Joe Feldman, the Consultant Who Sparked an ‘Equity’ Revolution in School Grading – WSJ:

A principal-turned-consultant has built a movement—and a business—on overturning how teachers have graded for generations. His alternative: “grading for equity.”

Joe Feldman preaches that students should be able to retake tests and redo assignments. There should be no penalties for late work and no grades for homework. No points for good behavior, classroom participation or perfect attendance, either.

This “grading for equity” is a big reason public education has gone down the drain. 

Grading for equity hasn’t escaped political criticism, though. Connecticut legislators, for instance, have questioned a policy in some districts to set minimum grades for assignments at 50 rather than zero, a common feature of equitable grading. Some schools nationwide instituted the practice only to roll back parts of it.

Teachers give Feldman’s ideas mixed reviews. In Schenectady, some scrolled on their phones during his presentation, while others complained they weren’t sure his approach was practical. It remains unclear whether this form of grading is more effective or even more equitable than the traditional way.
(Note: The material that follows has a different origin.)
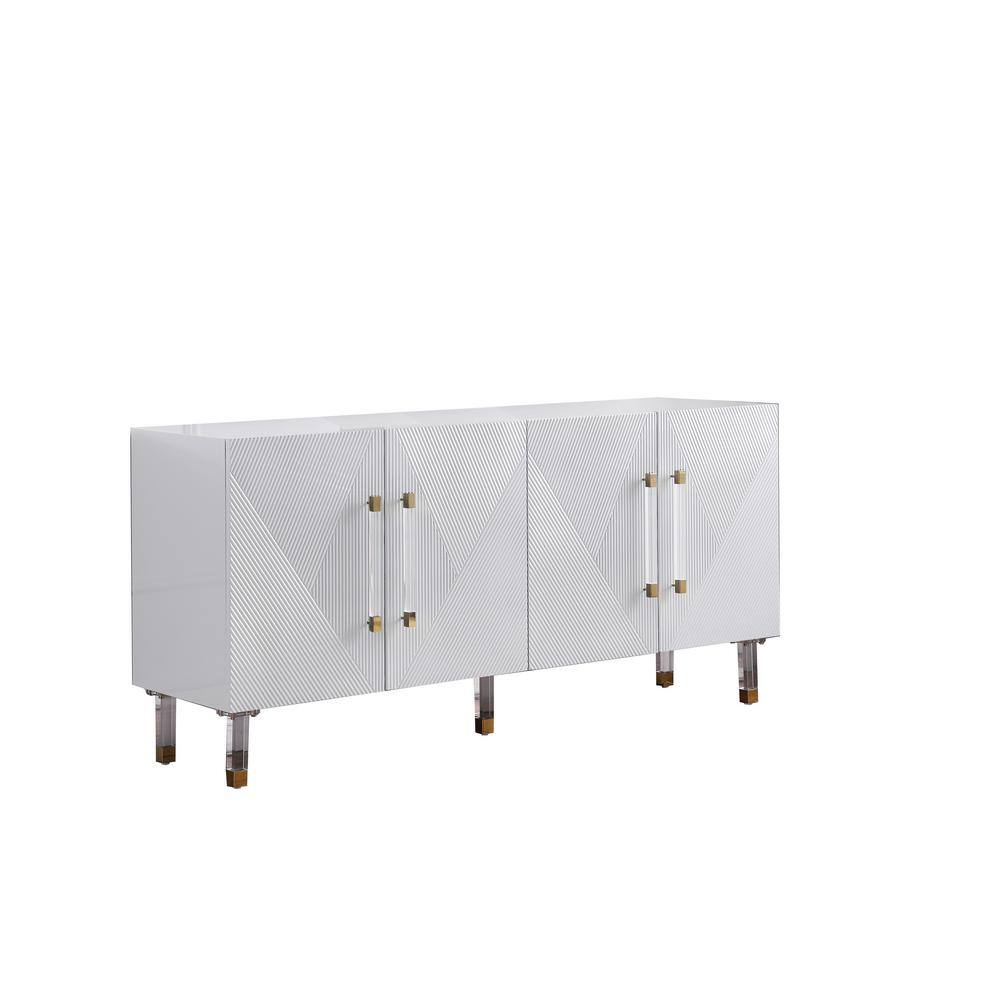 Fenella 65" White Lacquer Sideboard with Gold Accents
It’s a stupid idea, the latest in a string of stupid ideas that pop up every few years so that educational consultants can sell “new” crap to the public education system. If you’re a teacher long enough, you’ve seen the cycles, you know what this is, and you’d be scrolling on your iPhone too.

When Jake Johnson, a high-school math teacher in Rochester, Minn., learned about equitable grading several years ago, he was eager to give it a shot.

He quickly ran into practical challenges. When students realized they could retake tests as often as they wanted, they began putting off studying, Johnson said. As the year went on, students fell behind.

Rochester made equitable grading mandatory for all teachers in 2020. Many came to resent it, Johnson and others said. Teachers had to grade and regrade assignments, and even create new work for students to retake.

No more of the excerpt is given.